Later, the 401(k) plan was created for, and quickly adopted by, corporations. Corporations also spawned the development of cash-balance plans, a controversial alternative to final-pay plans, yet one that might have saved the defined benefit program at some companies.
Corporations didn't just move into new asset classes and new portfolio strategies based on gut feeling. Academic theory often lay behind these moves, and the corporate plans put theory into practice. The Employee Retirement Income Security Act of 1974 helped push corporations to more sophisticated modeling, applying academic research and promoting the creation of empirical databases by custodians and consultants that fueled better analysis.
GM, for example, became a leader in the early 1980s, with significant moves early into hedge funds and private equity investing. It now has $73.6 billion in domestic retirement assets.
The fall of corporations from the top 10 could indicate the working of the market. Many formerly large companies, such as AT&T Corp., have spun off other companies, and some of the parent's pension assets were spun off as well.

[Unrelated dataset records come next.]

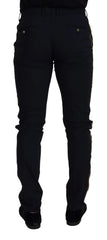 Dolce & Gabbana Black Wool Slim Formal Pants - IT46 | S - Trousers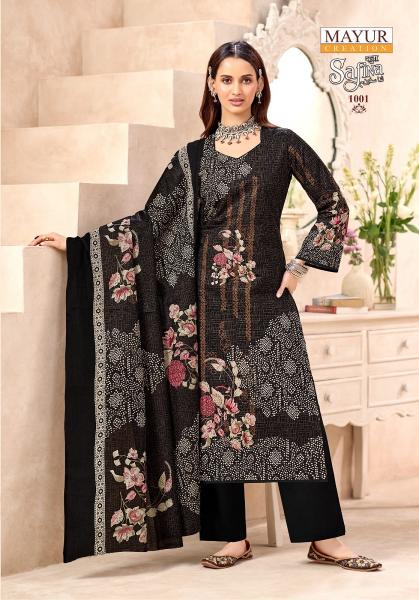 Mayur Creation Sana Safina Vol- 1 – karachi Readymade Kurti Pant With Dupatta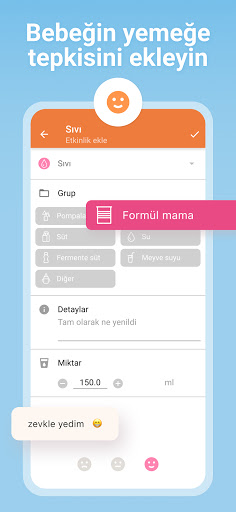 Emzirme, Bebek takibi & bakımı ekran görüntüsü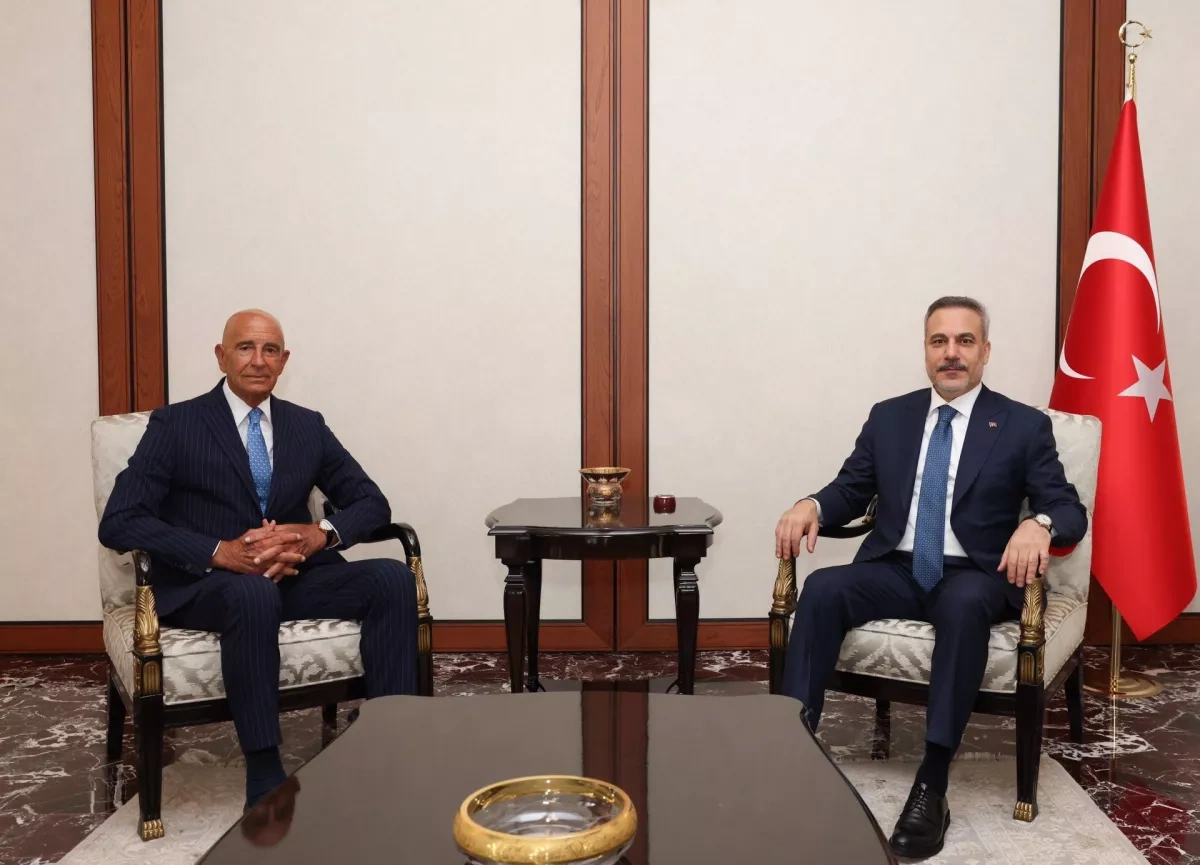 Turkish FM Hakan Fidan holds talks with US envoy Tom Barrack in Ankara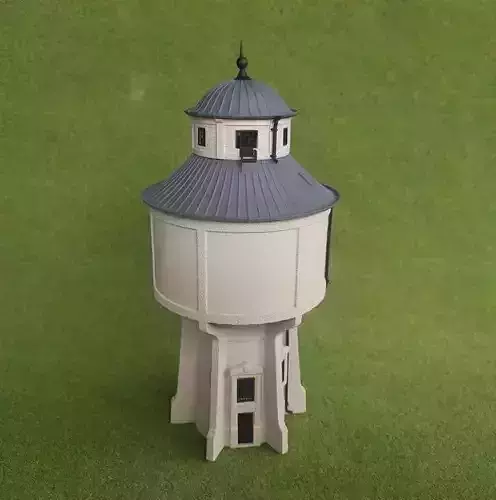 H0 scale Austrian Graz Water Tower - resin 3D print model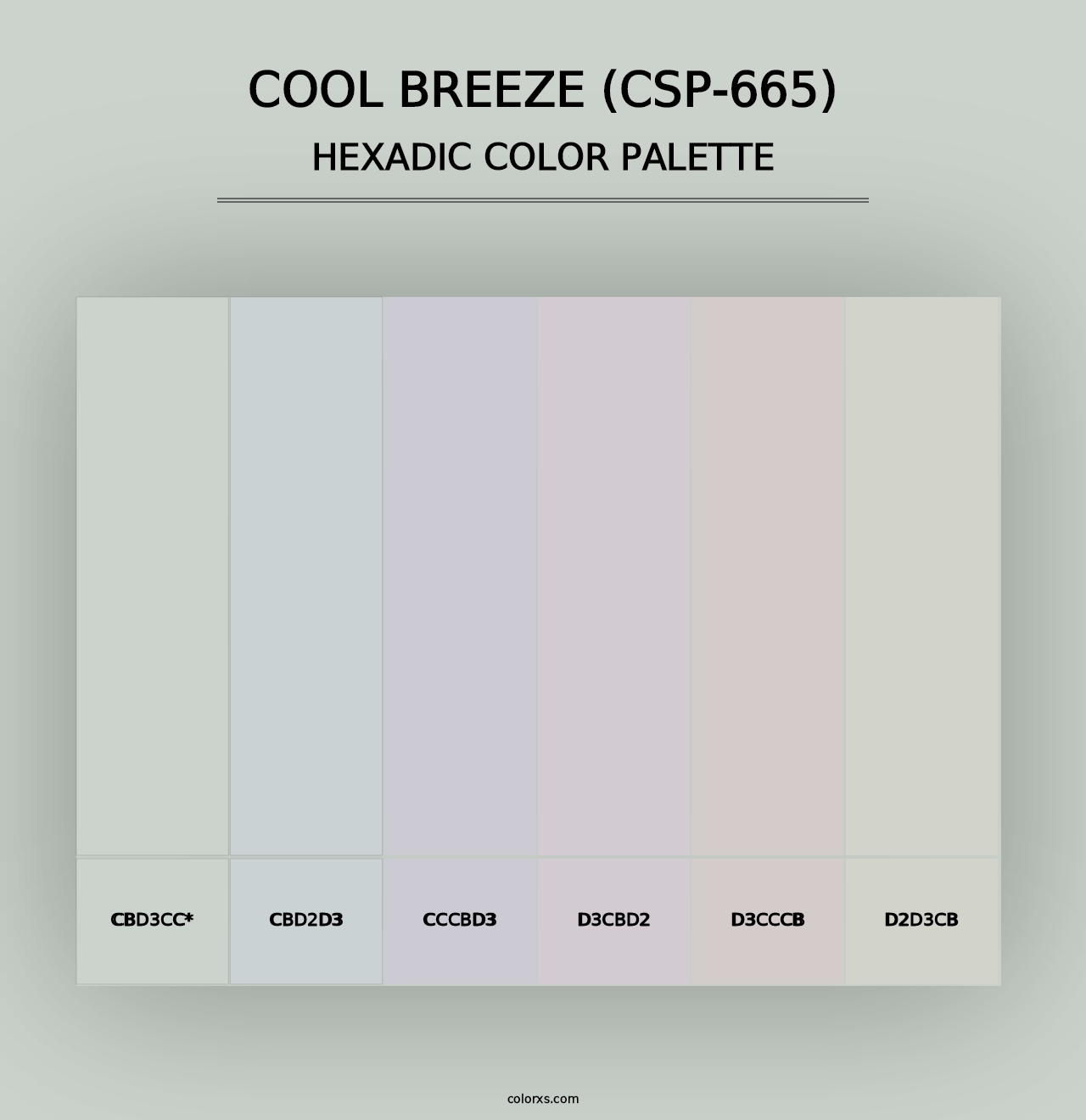 Cool Breeze (CSP-665) - Hexadic Color Palette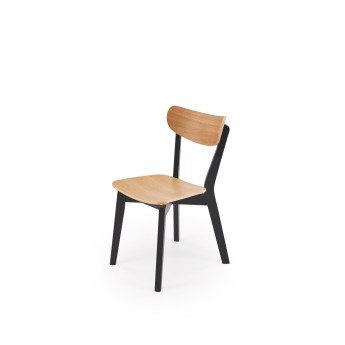 Valgomojo kėdė HAITI black / natural oak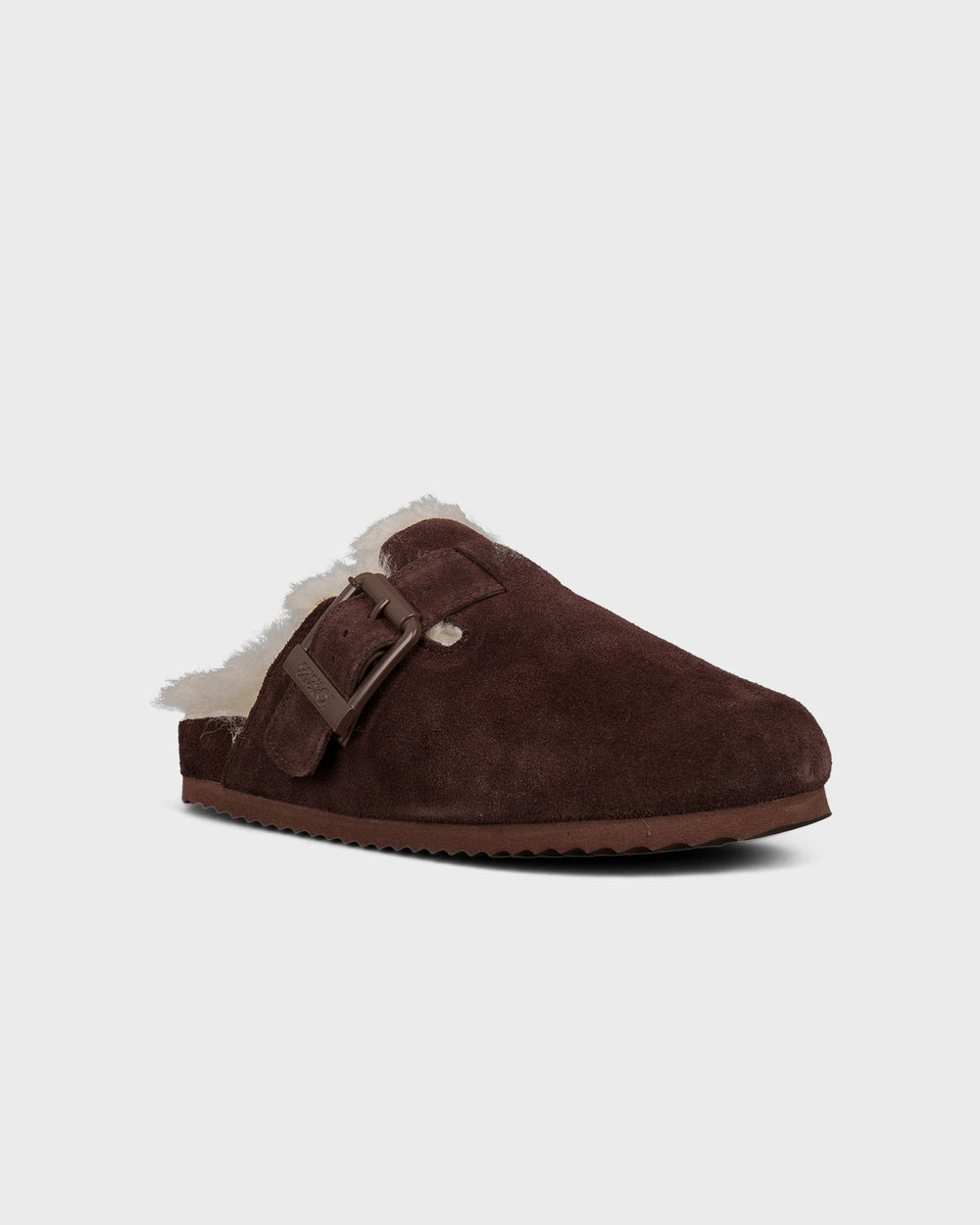 Colors of California Schuhe Furry Sabot Real Sheepskin Chocolate – Bild 2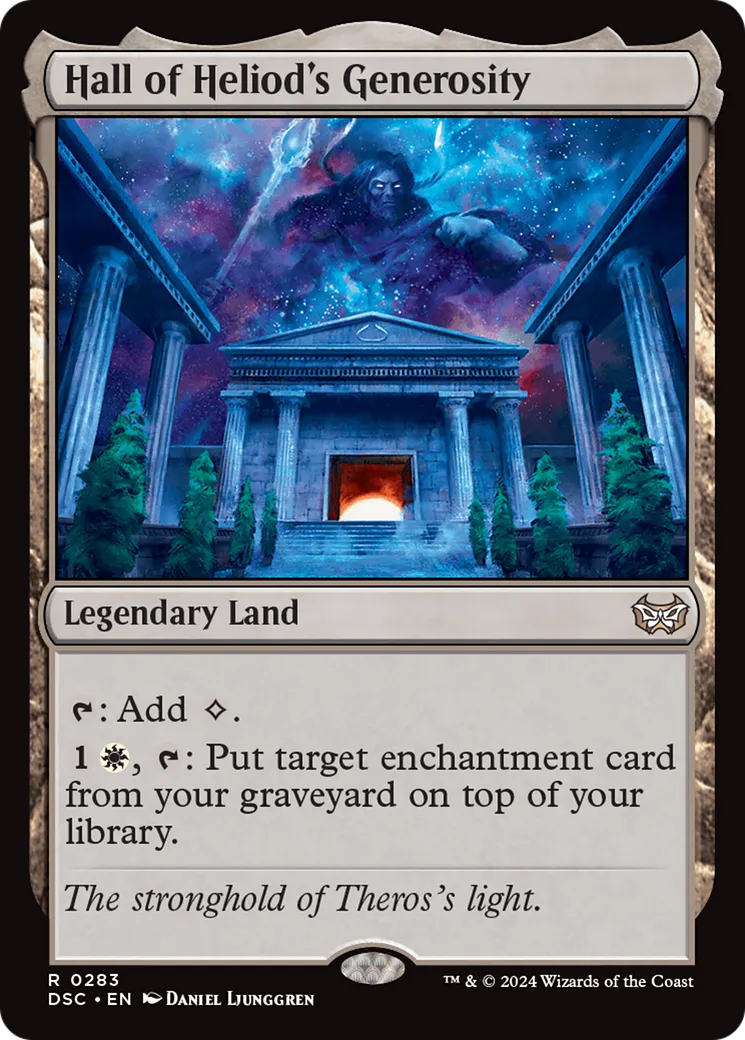 Hall of Heliod's Generosity — Duskmourn: House of Horror Commander — Magic: The Gathering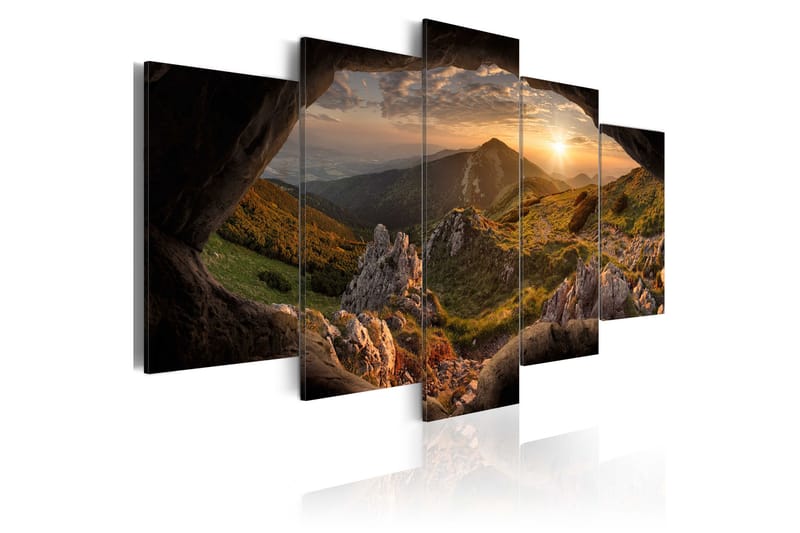 Tavla Sunset In The Valley 100x50 - Finns i flera storlekar - Heminredning - Väggdekor - Canvastavlor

But the decline mostly reflects the waning fortunes of big corporations, and the lack of faith by newer companies in defined benefit plans, which have dominated the top 1,000, despite the growth of 401(k) and other defined contribution plans.
FedEx Corp., founded only in 1973, created a defined benefit plan, along with a defined contribution plan, and now ranks 91st among the largest plans. But few newer corporations have taken that route. Imagine where Microsoft Corp., whose stock went public in the 1980s and now is the biggest company in terms of market value in the Standard & Poor's 500, might rank today if it had created a defined benefit plan. It ranks 366th with almost $2.2 billion in defined contribution assets.
Of course, not all the innovating was done by corporate pension funds. Once they were freed up to invest outside of "legal lists" of investments, some public pension funds also pioneered, especially those of Washington and Oregon, which were early leveraged buyout investors. Now, the country's largest pension fund, the California Public Employees' Retirement System, is a leader in investment management innovation, even though it wasn't a standalone pension fund until the mid-1980s.
Plus, corporate funds have been shameful laggards in proxy voting and corporate governance activism, surrendering that leadership to public and union funds.
Nevertheless, a waning of corporate pension fund leadership might lead to a slowing of pension fund innovation. Even though public funds have stepped up over the years as innovators, a further decline in the number and size of corporate pension funds would mean fewer large funds willing to serve as incubators for new investment theories and products. That is not good for the capital markets and the economy.